Friday, August 13, 2004
Justices Void Same-Sex Marriages, Say Mayor Exceeded Authority
By KENNETH OFGANG, Staff Writer/Appellate Courts
The California Supreme Court yesterday voided the nearly 4,000 same-sex marriages sanctioned in San Francisco this year and ruled unanimously that the mayor overstepped his authority by issuing licenses to gay and lesbian couples.
The court said the city illegally issued the certificates and performed the ceremonies, since state law defines marriage as a union between a man and woman.
“[A]lthough the present proceeding may be viewed by some as presenting primarily a question of the substantive legal rights of same-sex couples, in actuality the legal issue before us implicates the interest of all individuals in ensuring that public officials execute their official duties in a manner that respects the limits of the authority granted to them as officeholders,” Chief Justice Ronald M. George wrote for the court.
Allowing local officials to ignore laws they believe to be unconstitutional, in the absence of a judicial determination, would cause “confusion and chaos” and would thwart “the uniform statewide treatment that state statutes generally are intended to provide,” George wrote.
The chief justice noted that many laws are controversial and raise constitutional questions. Local officials left to their own devices might, for example, conclude that gun control laws violate the Second Amendment or that land use restrictions violate the Takings Clause of the Fifth Amendment.
“Indeed, another example might illustrate the point even more clearly: the same legal issue would arise if the statute at the center of the controversy were the recently enacted provision (operative January1, 2005) that imposes a ministerial duty upon local officials to accord the same rights and benefits to registered domestic partners as are granted to spouses...and a local officia—perhaps an officeholder in a locale where domestic partnership rights are unpopular—adopted a policy of refusing to recognize or accord to registered domestic partners the equal treatment mandated by statute, based solely upon the official’s view (unsupported by any judicial determination) that the statutory provisions granting such rights to registered domestic partners are unconstitutional because they improperly amend or repeal the provisions of the voter-enacted initiative measure commonly known as Proposition 22....”
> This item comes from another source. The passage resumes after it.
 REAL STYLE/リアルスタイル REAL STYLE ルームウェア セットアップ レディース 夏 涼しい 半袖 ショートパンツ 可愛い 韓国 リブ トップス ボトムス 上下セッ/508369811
San Francisco Mayor Gavin Newsom’s actions, George said, were “fundamentally inconsistent with our political system’s commitment to John Adams’ vision of a government where official action is determined not by the opinion of an individual officeholder—but by the rule of law.”
Newsom was defiant at a news conference, where he appeared with city officials, many of them gay and lesbian, the Associated Press reported. Newsom said his “heart was heavy” over the voided marriages but vowed to carry on the city’s constitutional challenge.
“There is nothing that any court decision or politician can do that will take that [wedding] moment away,” he said. “I’m proud of those 4,000 couples.”
Backers of same-sex marriage had said prior to yesterday that they expected the court to rule that the Newsom administration had acted illegally, but that they hoped to avoid a ruling that would nullify the marriages while the constitutionality of the state’s ban on same-sex marriage is litigated in the lower courts.
George emphasized that the court was not prejudging that issue. But the court voted 5-2 to void the marriages, with Justices Joyce L. Kennard and Kathryn M. Werdegar dissenting.
“In light of the clear terms of Family Code section 300 defining marriage as a ‘personal relationship arising out of a civil contract between a man and a woman’ and the legislative history of this provision demonstrating that the purpose of this limitation was to ‘prohibit persons of the same sex from entering lawful marriage’...we believe it plainly follows that all same-sex marriages authorized, solemnized, or registered by the city officials must be considered void and of no legal effect from their inception.”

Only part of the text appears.